This code has to be in JIT already (with probably some helper function
outside), so it could be rather complicated, but it is doable of course.
> This sounds horribly like the C rule of don't rely on automatic variables
> after the return from longjump.
>
> No. I don't have an answer.
But I have a proposal:
- Normal runloops don't have a problem with longjmp
- JIT could have it's own low level exception handler:
* gets jumped to, so registers are still ok
* saves processor registers to parrots
* then longjmps to parrot handler
As we already seem to need to restore processor registers on resume, we
could do the reverse thing on exception too.
> Nicholas Clark
leo
Jason Gloudon
> - Normal runloops don't have a problem with longjmp
>
> - JIT could have it's own low level exception handler:
> * gets jumped to, so registers are still ok
I am not clear how this works if the exception is triggered in a C function
called from JIT code.
> * saves processor registers to parrots
> * then longjmps to parrot handler
>
> As we already seem to need to restore processor registers on resume, we
> could do the reverse thing on exception too.
>
>
> >Nicholas Clark
>
> leo
--
Jason
Jason Gloudon
> But I have a proposal:
>
> - Normal runloops don't have a problem with longjmp
>
> - JIT could have it's own low level exception handler:
What happens when C code called from the JIT generated code generates an
exception ?
> * gets jumped to, so registers are still ok
> * saves processor registers to parrots
> * then longjmps to parrot handler
--
Jason
Jason Gloudon
> - JIT could have it's own low level exception handler:
> * gets jumped to, so registers are still ok
> * saves processor registers to parrots
> * then longjmps to parrot handler
I didn't finish my response...
The way I have thought this would be done (given C opcode functions raising
exceptions) is to spill parrot registers back into the interpreter structure
from hardware registers before calling opcode functions that might raise
exceptions using longjmp. Spill here means we update the interpreter structure
registers, but consider the CPU register values still valid if the opcode does
not raise an exception.
JIT code that needs to raise an exception can do the same thing as C code, call
the exception raising function that does a longjmp.
The runops loop would use setjmp to catch the exception and will do one of at
least two things:
Determine that the exception resumes control at an op that can be safely
jumped to in JIT generated code.
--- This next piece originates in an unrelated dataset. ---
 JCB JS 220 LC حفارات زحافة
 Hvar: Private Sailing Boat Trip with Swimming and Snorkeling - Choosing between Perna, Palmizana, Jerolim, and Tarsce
In other words the op is not in the middle of
a section of code for which the JIT code assumes a certain register allocation.
Or
Find that the execution resumes control somewhere that is not safe to jump to
in the JIT code (or has not been JIT compiled), and passes control to the
interpreter runops loop.
The remaining issue is then determining when it is again safe to resume jit
execution so that control can be passed back to the JIT code. I have a few
ideas on doing this, but I'd like to hear what folks have to suggest. As has
been pointed out a few times before, exceptions and the restart ops present the
same problem.
The fact is that the above complication will be necessary once we start dealing
with multiple non-contiguous bytecode segments, as I do not expect one will JIT
compile every piece of code because of the inefficiency of doing that (unless
we make the JIT code less specialized than it is on at least IA-32/x86, where
addresses of registers and the interpreter pointer are embedded in the
generated code).
--
Jason
Leopold Toetsch
> On Thu, Nov 14, 2002 at 04:28:00PM +0100, Leopold Toetsch wrote:
>
>
>>But I have a proposal:
>>
>>- Normal runloops don't have a problem with longjmp
>>
>>- JIT could have it's own low level exception handler:
>>
>
> What happens when C code called from the JIT generated code generates an
> exception ?
I was thinking of something like this:
internal_exception(reason) {
if (JIT_run_loop) /* or better setup a call vector to the handler */
jit_exception(reason); /* pointing either here */
else
longjmp(..); /* or directly here */
}
jit_exception(reason) {
save_processor_regs_to_parrot();
longjmp(..);
}
jit_exception would need to know the current interpreter for jit_info,
but this is not that problem, the exception handler needs this too, to
find the resume code. And the interpreter* is on the stack, which is in
the jmp_buf ...
But above is only needed, if there are callee saved registers around
which hold parrot register values not already saved. So currently not,
because there are no unsaved registers, when calling external code and
jitted OPs currently don't throw exceptions.
leo
Leopold Toetsch
> On Thu, Nov 14, 2002 at 04:28:00PM +0100, Leopold Toetsch wrote:
> I didn't finish my response...
>
> The way I have thought this would be done (given C opcode functions raising
> exceptions) is to spill parrot registers back into the interpreter structure
> from hardware registers before calling opcode functions that might raise
> exceptions using longjmp.
Rather inefficient, as probably every function may throw an exception
(i.e. a PMC called with a wrong vtable method), but of course a doable
approach.
> Find that the execution resumes control somewhere that is not safe to jump to
> in the JIT code (or has not been JIT compiled), and passes control to the
> interpreter runops loop.
I'd rather restore registers properly. We know per section, which
registers are used, so it shouldn't be too hard.
> ... As has
> been pointed out a few times before, exceptions and the restart ops present the
> same problem.
Yes, current restart code (i386) would break, when registers are saved
through external calls.
> The fact is that the above complication will be necessary once we start dealing
> with multiple non-contiguous bytecode segments, as I do not expect one will JIT
> compile every piece of code because of the inefficiency of doing that (unless
> we make the JIT code less specialized than it is on at least IA-32/x86, where
> addresses of registers and the interpreter pointer are embedded in the
> generated code).
restarting JIT, exceptions or multiple segments are all similar. WRT
inefficiency: current JIT code is slow for external code - mainly when
PMCs are involved (I have some ideas to get this a lot faster) and JIT
code is produced at program load time. The latter could be done in IMCC,
which has all the info (basic blocks ...) ready, so this info could be
passed on to build_asm, which would be a lot simpler and somehow faster.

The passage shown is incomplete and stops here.